Diners Club offers a payment solution to both consumers and corporate customers, and according to Ebrahim Matthews, Diners would like to be viewed as “a reliable service provider, providing superior customer service, and be able to support both corporates and travel management travel companies as it relates to data.”
Now that sounds simple enough, but what about the bigger picture? Diners clearly already has a good reputation in the South African market, particularly with the role it plays in efficient travel payment reconciliation. But what about the rest of the continent?
“Our focus is largely on South Africa, but we’ve built acceptance for our cards in about 18 markets across Africa, and we have aspirations to start issuing corporate cards in those markets,” says Matthews. “We’ve identified some key markets, with five in particular: Uganda, Angola, Ghana, Nigeria and Kenya.”
No surprise there, as those countries are often cited as Africa’s latest business travel hotspots.
“Kenya is important from a business travel perspective, but also because it’s a reasonably sophisticated card market,” says Matthews. “Ghana is pretty similar, but the size of the economy is not nearly as attractive as Nigeria and Angola. Nigeria is purely attractive because of its scale and size. We’ve seen a lot of demand for a corporate card product in that particular space.”
That being said, what does Matthews make of the technological challenges in Nigeria and the lack of trust in the country’s card infrastructure?
“It’s a big challenge, but the advent of some of the technology we are seeing in the card payment space allows us to overcome a lot of the challenges,” he says.
“The traditional card model relies on a telecommunications infrastructure, but with mobile technology you’re able to overcome a lot of that. Gone are the days where you need a Telkom-type infrastructure and a physical point of sale device to facilitate a credit card or charge card transaction. You’ve got technology now that allows you to use your cell phone as a point of acceptance for card payments and you can use GSM technology and the web for the routing of transactions.”

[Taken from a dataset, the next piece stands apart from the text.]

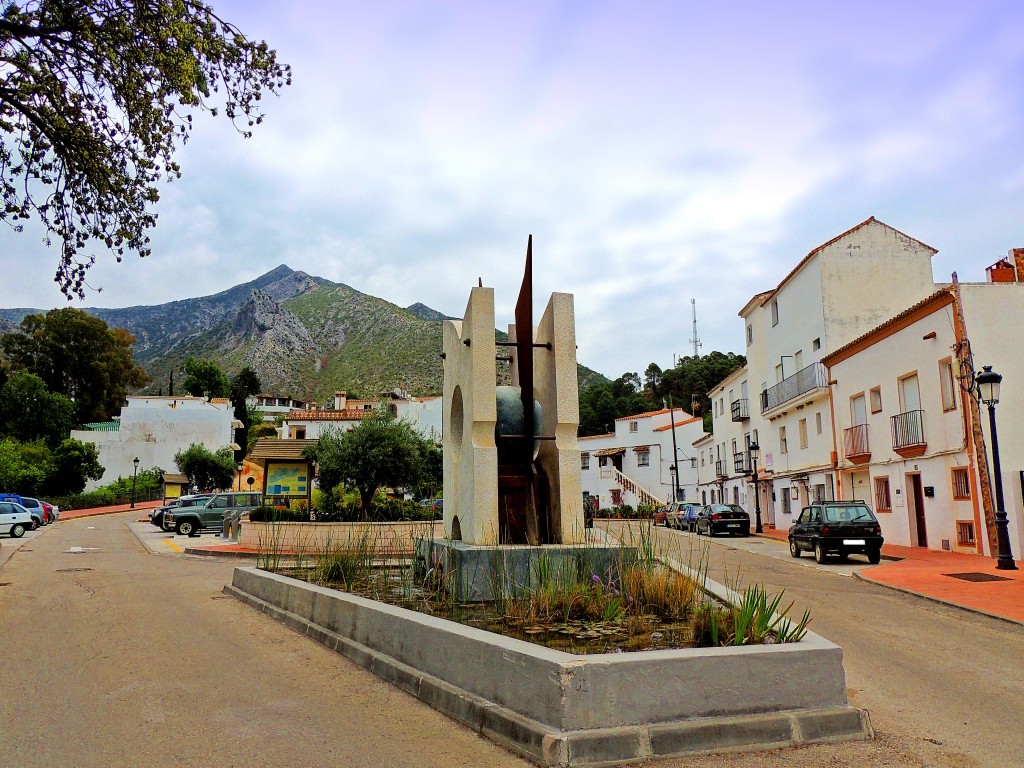 Foto: La Esfera - Istán (Málaga), España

But, whilst these improvements are being made, the Nigerian market still has a long way to go, before it gets anywhere near its goal of a cashless economy, particularly when it comes to travel payments. And Matthews is happy to concede that a lot of elements need to fall into place, first.
“You need every single party in the value chain to buy into this, so it’s not as if this is something you can force down the throat of an airline or a travel management company,” says Matthews. “You need absolute buy-in and so you need a win-win situation.”
But the wheels are in motion and Matthews is excited about the interest already shown in the markets he’s talking about.
“We get requests from large corporate and investment banking customers on almost a weekly basis, for a corporate card solution in African territories. Today we can’t service those, because we’re not present, from an issuing perspective. But we know there’s a very definite need. So, it’s a massive focus for us,” says Matthews.
Aside from the new markets it is after, Diners Club also has plenty in the pipeline, in terms of its strategy. Most noticeably, it’s looking to enhance its travel solutions by automating some of its data feeds. Very basically, trying to streamline the whole reconciliation process and make life easier for its corporate clients. So, if that grabs your attention, then look out for a product called Diners Club Advantage.
One thing is clear – Matthews is clearly excited by the road ahead.
“There’s a huge opportunity for a product like ours, but we need to move fast, as I don’t think it’s going to be there forever.”